Когда-то они договорились, если кто влюбится, то обязательно расскажет об этом прежде, чем начнется интимная связь, и тогда они смогут остаться друзьями.

«А что теперь? Что же я наделал? Урод! Какая муха меня укусила?» – скулы передёрнуло, как от оскомины. – «После свадьбы ни одна женщина на плотском уровне меня не интересовала. Ни одна из них не задевала меня. Я видел в них только глупых кривляк. Их кривляния отличались только большей или меньшей степенью таланта. Я достаточно «пообщался» с ними до женитьбы. Разве что бывшая одноклассница на короткое время вывела меня из равновесия. Но очень скоро через её «светлые» воспоминания стали видны истинные намерения. И вот… вляпался».

Он то садился в кресло, то перебирал корешки книг на полках… но тянуть время уже было невозможно. Он ещё раз окинул взглядом комнату и решительно зашагал к выходу. Около дверей вдруг замедлил шаг и ещё раз обернулся. Странная, слегка зловещая улыбка заиграла на его губах:

«А всё-таки, я сделал эту цыпочку».

Он вернулся в зал и осмотрел пёструю, веселящуюся толпу. «Маркизы» среди них не было. Конечно же. Зато он приметил щуплую фигурку в костюме Клоунессы.
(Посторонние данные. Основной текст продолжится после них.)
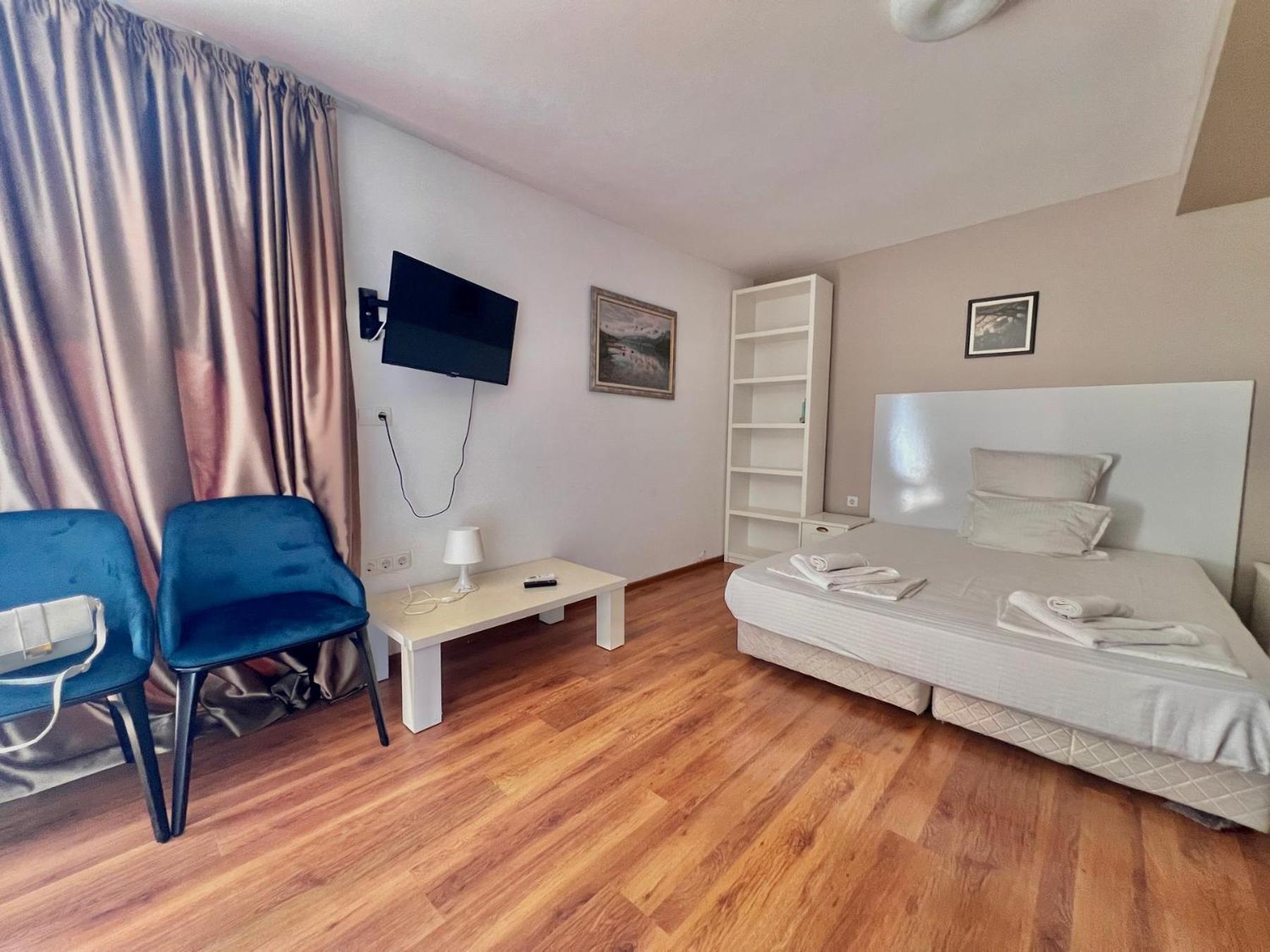 Kiara Apartments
Она с кем-то оживлённо беседовала и при этом усиленно жестикулировала.

«Костюм, действительно, оригинальный. Главное, неожиданный», – подумал Семён и сделал вид, что не узнал, кто прячется за яркими атласными ромбами и в шапочке с бубенчиками. Он поискал глазами свободное место и заметил кресло, в котором он так уютно сидел, всего каких-то 20–30 минут назад. Как всё изменилось за это время! Мир изменился. Его мир.
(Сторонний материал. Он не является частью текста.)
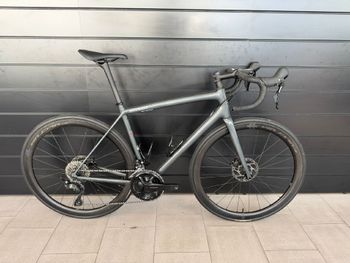 Used Specialized Aethos Sport - Shimano 105 2025 2025 Road & Gravel, Light Gray — image 4 of 4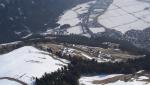 Paragliding Fluggebiet Europa » Italien » Trentino-Südtirol,Speikboden,Bild links unten: Unterhalb der Straße befindet sich der Startplatz bei Ahornach.
Bild rechts oben: Landewiese(n) bei Sand in Taufers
Кресло было занято другим.

Он взял со столика напиток и направился в сторону огромного «французского» окна. За окном сыпал снег. Настоящая новогодняя ночь, с неясным волнующим светом и чудесным ожиданием нового. Только всегда ли новое лучше хорошо знакомого старого? Это большой вопрос.

– Мистер Неизвестный, нельзя ли Вас пригласить на танец?

– Отчего же нельзя? Конечно, можно. Тебе, Мариночка, всегда и всё можно.

– Ну вот, – разочарованно протянула маска Коломбины, – мог бы хоть притвориться, что не узнал меня. Так даже скучно как-то.

– Почему?

– Ну, мог бы хоть пофлиртовать со мной.

– Перебор.

– Что?

– Да так, ничего. А почему ты опоздала?

– Я застряла в «пробке». Я думала, если поеду не по набережной, то точно миную затор, и свернула в объезд. А там машин не меньше, да ещё снега навалило! И такая каша, что моя «девочка» еле выбралась оттуда.

– Понятно. Может, ты хочешь чего-нибудь выпить или перекусить?

– Ой, нет. Скоро всё равно всех за стол позовут. Поберегу место для вкусненького. Шампанское во мне уже булькает. Если ещё чуть-чуть хлебну, то меня точно потянет песни петь или… ещё чего-нибудь. А что ты пьёшь?

– Не знаю.

– Дай попробую. Мм, вкусно. Мартини с чем-то…

Марина пристроилась на широком подоконнике и покачала ногой. Потом посмотрела на мужа и сказала:

– Может, надо было на дачу поехать?

– Может.

– Хотя… здесь не так уж и плохо. Ёлка вон, как в Кремле. Жаль, я все танцы пропустила.

Она соскочила с подоконника и сунула бокал в руку мужа.

Тут его взгляд упал на длинную янтарную палочку, заткнутую за пояс Марининого костюма. Он почувствовал, как по коже пробежал мороз. То, что он хотел считать бредом, вдруг напомнило о себе.

– Что это у тебя? – спросил он охрипшим голосом.

– Где?

– Вот. Откуда это у тебя?

– А … это. Я когда поднималась сюда, то какая-то сумасшедшая чуть не сбила меня с ног. Пронеслась, как ураган. В таком голубом платье а-ля Помпадур. А потом чуть выше по лестнице я нашла этот мундштук. Ты не знаешь, кто она? – Марина посмотрела мужу в глаза. Он моргнул, но взгляда не отвёл.

– Кто? Нет, не знаю.

И это была истинная правда.

– А, впрочем, может это и не её. Надо будет спросить дядю Сэма. О! Кажется, всех приглашают на банкет. Пойдём скорее, а то всё вкусное съедят, – она засмеялась, взяла мужа за руку и потащила за собой.